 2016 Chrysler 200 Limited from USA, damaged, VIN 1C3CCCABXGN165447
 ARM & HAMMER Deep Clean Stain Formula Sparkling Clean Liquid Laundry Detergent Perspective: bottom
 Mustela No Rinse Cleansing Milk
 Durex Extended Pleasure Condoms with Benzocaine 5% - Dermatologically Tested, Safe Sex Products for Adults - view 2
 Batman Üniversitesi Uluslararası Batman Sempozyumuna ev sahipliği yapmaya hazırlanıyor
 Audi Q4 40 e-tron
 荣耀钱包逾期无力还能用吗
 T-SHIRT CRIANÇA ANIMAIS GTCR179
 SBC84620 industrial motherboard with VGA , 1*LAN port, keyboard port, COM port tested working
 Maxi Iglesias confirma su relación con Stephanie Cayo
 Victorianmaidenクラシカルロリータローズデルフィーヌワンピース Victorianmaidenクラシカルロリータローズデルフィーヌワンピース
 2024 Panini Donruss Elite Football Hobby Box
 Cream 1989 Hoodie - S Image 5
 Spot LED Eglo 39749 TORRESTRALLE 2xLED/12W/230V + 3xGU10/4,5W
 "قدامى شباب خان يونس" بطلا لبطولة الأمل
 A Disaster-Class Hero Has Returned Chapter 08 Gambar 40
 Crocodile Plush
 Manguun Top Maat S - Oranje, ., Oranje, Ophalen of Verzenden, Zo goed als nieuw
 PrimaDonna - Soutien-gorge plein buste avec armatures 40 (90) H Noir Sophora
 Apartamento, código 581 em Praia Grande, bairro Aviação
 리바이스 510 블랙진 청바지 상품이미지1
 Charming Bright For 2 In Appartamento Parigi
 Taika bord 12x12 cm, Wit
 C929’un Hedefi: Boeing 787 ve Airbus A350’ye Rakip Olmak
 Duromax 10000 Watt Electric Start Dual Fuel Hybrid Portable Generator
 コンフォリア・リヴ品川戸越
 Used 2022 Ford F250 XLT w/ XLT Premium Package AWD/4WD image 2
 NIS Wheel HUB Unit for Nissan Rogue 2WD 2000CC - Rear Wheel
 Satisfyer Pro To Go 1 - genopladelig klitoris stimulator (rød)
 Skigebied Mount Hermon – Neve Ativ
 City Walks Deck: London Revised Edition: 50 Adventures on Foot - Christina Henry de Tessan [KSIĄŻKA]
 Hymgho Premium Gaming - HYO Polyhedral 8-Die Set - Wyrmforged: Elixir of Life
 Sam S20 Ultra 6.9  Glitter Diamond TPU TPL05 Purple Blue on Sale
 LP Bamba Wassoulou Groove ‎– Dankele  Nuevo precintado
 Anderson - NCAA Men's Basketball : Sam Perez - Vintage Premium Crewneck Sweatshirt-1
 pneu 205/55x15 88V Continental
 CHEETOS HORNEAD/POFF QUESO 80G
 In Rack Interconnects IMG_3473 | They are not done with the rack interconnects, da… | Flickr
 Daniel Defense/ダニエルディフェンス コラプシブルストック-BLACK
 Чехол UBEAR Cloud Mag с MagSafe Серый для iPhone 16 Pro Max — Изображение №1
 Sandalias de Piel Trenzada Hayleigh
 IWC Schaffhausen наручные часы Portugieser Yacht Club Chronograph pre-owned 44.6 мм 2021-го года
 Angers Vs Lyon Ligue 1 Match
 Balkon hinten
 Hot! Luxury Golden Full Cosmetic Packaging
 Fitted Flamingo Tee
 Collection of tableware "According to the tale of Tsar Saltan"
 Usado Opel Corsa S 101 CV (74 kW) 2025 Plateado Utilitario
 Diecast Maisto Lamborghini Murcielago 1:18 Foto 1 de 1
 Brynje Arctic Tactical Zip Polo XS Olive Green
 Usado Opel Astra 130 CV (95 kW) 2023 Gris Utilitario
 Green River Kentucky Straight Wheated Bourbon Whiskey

- _Exercise_
Copy out each line of the entries where the word "with" is found.

- _Written reply_
 Durex Extended Pleasure Condoms with Benzocaine 5% - Dermatologically Tested, Safe Sex Products for Adults - view 2
 SBC84620 industrial motherboard with VGA , 1*LAN port, keyboard port, COM port tested working
 In Rack Interconnects IMG_3473 | They are not done with the rack interconnects, da… | Flickr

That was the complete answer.